Resûlullah, sadece kendi rahatını düşünen bencilce bir hayat tarzından ashâbını ısrarla sakındırmıştır. Müminler sadece “ben nasıl rahat ederim”e göre değil, “nasıl rahat ettiririm”e göre de hayatlarını tanzim etmeliydi. Kardeşinin ihtiyacını gözetmek ve sıkıntılı gününde onun yanında olmak, bir mümin için hayat tarzı hâline gelmeliydi. Nitekim sahâbeden Berâ’ b. Âzib, “Peygamber (sav) bize şu yedi şeyi emretti: Hastayı ziyaret etmek, cenazeyi (kabre kadar) takip etmek, aksırana Allah’tan rahmet dilemek, zayıfa yardım etmek, mazluma yardım etmek, selâmı yaymak ve yemin edenin yeminini tasdik etmek.” (Buhârî, İsti’zân, 8) derken, Hz. Peygamber’in ashâbını sosyal hayatın gerekleri konusunda eğitmek için ne kadar hassas davrandığını ortaya koyuyordu. Resûlullah’ın öğrettiği toplumsal ahlâka göre gücü yeten müminler, gücü yetmeyenlerin hizmetinde olmalıydı. Hz. Peygamber, “Dul bir kadının ve fakirin işleri için koşturan kimse, Allah yolunda cihad eden yahut geceyi namazla gündüzü oruçla geçiren kimse gibidir.” (Buhârî, Nafakât, 1) buyurarak, hizmet ehli olmanın Hak katındaki kıymetini bildirmişti. Nitekim insanların en hayırlısı, onlara en faydalı olandı.
Diğer taraftan insanların hizmetinde olmak, maddî imkânlara bağlı olmaksızın her müminin hayatını kuşatabilecek bir olguydu. Allah Resûlü,“İki kişinin arasında adaletle karar vermen bir sadakadır. Hayvanına binmek isteyen bir kimseyi hayvana bindirmen yahut eşyasını hayvana yüklemen bir sadakadır. Güzel söz bir sadakadır. Namaza giderken attığın her adım bir sadakadır. İnsanlara eziyet veren şeyleri yoldan kaldırman (bile) bir sadakadır.” (Müslim, Zekât, 56) diyordu. Zira sadaka ismi altında zikredilen bütün bu hususlar, aslında insanlara olan sadakat ve samimiyetin birer göstergesiydi. Toplum içinde yaşadığımıza göre, her hâlükârda diğer insanların da maslahatını dikkate almak gerekiyordu. Nitekim Efendimiz ashâbına, “Gözü (harama bakmaktan) sakınmak, rahatsızlık verecek şeyleri ortadan kaldırmalarını, selâma karşılık vermelerini, (insanları) iyiliğe davet edip kötülükten sakındırmak suretiyle kenarına oturdukları yolun dahi hakkını vermelerini” tembih lemiştir.(Buhârî, Mezâlim, 22)

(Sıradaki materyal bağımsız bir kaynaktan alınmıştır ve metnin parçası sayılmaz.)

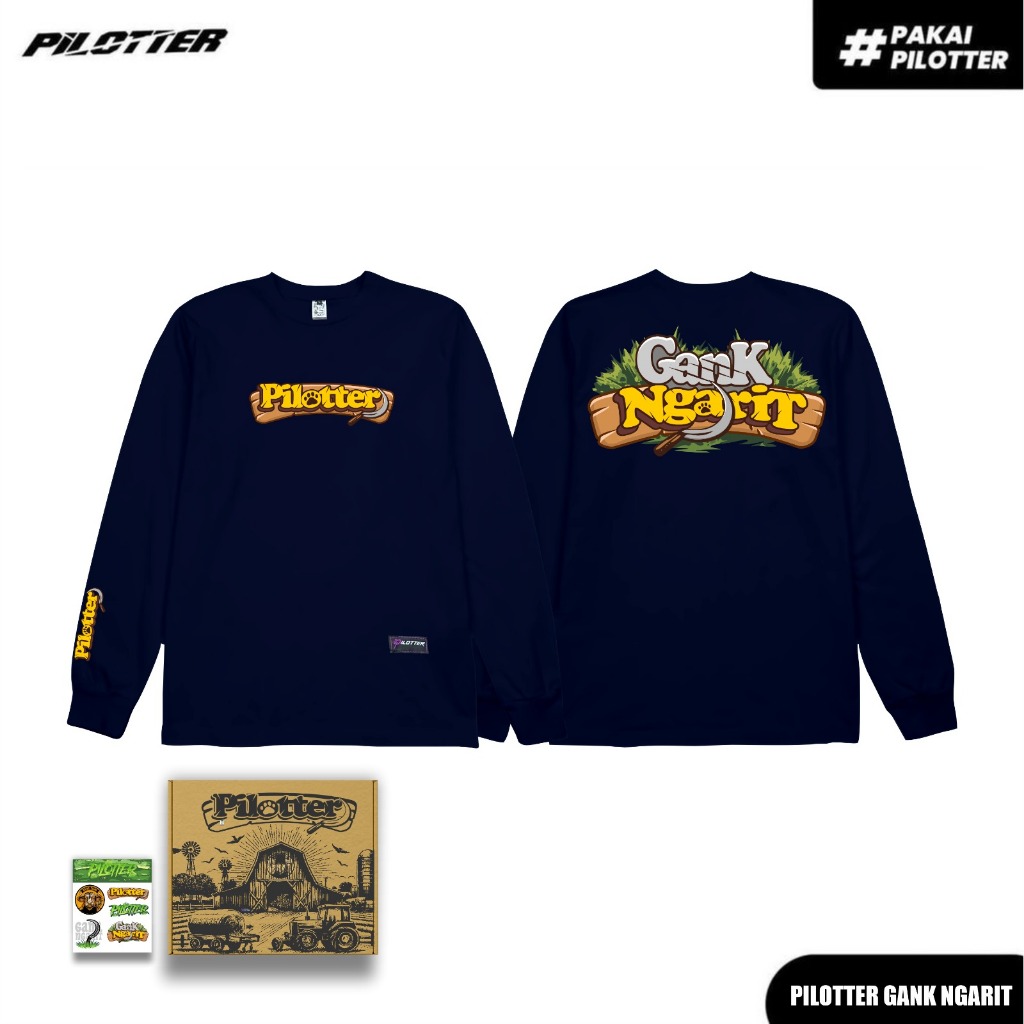 KAOS PILOTTER NEW GANK NGARIT LENGAN PANJANG FREE BOX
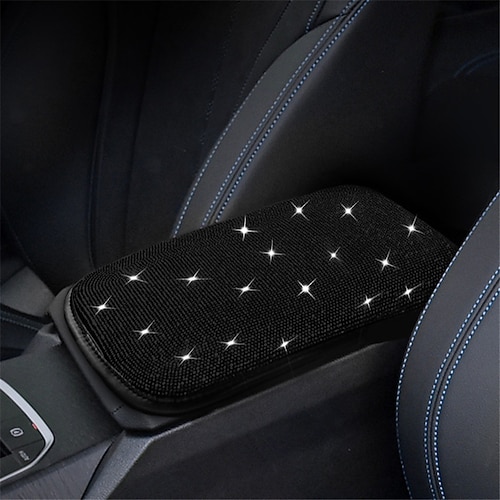 Bling Bling Auto Armlehnenabdeckung Glanz Kristall Auto Mittelkonsole Abdeckung Schutz Universal Auto Armlehne Kissen Pads Auto Inneneinrichtung Zubehör Image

Resûlullah, insan ilişkilerinde öncelikle en yakındakilerin gözetilmesini ısrarla vurguluyordu. Nitekim Allah yolunda cihad etmek üzere kendisinden izin isteyen bir adamın anne babasının kendisine muhtaç hâlde olduklarını öğrenince, “Öyleyse onlar için cihad et (çaba göster).” buyurmuştur.( Buhârî, Cihâd, 138) Sadakaların da öncelikle ihtiyaç sahibi aile fertlerine ve akrabalara verilmesi gerektiğini beyan etmiştir. “Sizin en hayırlınız, ailesine karşı en hayırlı şekilde davrananlarınızdır.” (Tirmizî, Menâkıb, 63) buyururken, Müslümanların başkalarından önce en yakındakilerle iyi ilişkiler kurması gerektiğini vurgulamıştı. Kişinin yakın çevresini oluşturan komşularla ilişkilerine de özen göstermesi gerekiyordu. Allah’a ve âhiret gününe iman eden kişi, komşusuna eziyet etmemeli aksine onunla iyi ilişkiler kurmalıydı. Nitekim şehirleri gerçek anlamda yaşanılabilir ve müreffeh kılan şey, sağlıklı bir zemine oturmuş insan ilişkileridir. Bu nedenle Sevgili Peygamberimiz, eşi Hz. Âişe’ye şöyle demiştir: “Rıfktan (yumuşak davranmaktan) nasibi verilen kimseye, dünya ve âhiret iyiliklerinden de nasibi verilmiştir. Sılai rahim (akrabalık ilişkilerini gözetmek), güzel ahlâk ve iyi komşuluk, beldeleri mâmur (yaşanır) hâle getirir ve ömürleri uzatır.” (İbn Hanbel, VI, 159) Yani insanlarla kurulan iyi ilişkiler, kişiye daha huzurlu ve bereketli bir hayat bahşeder. Bu sayede insanlar yaşama sevincini elde ederler ve böylece hem bu dünyada hem de âhirette mutlu olurlar.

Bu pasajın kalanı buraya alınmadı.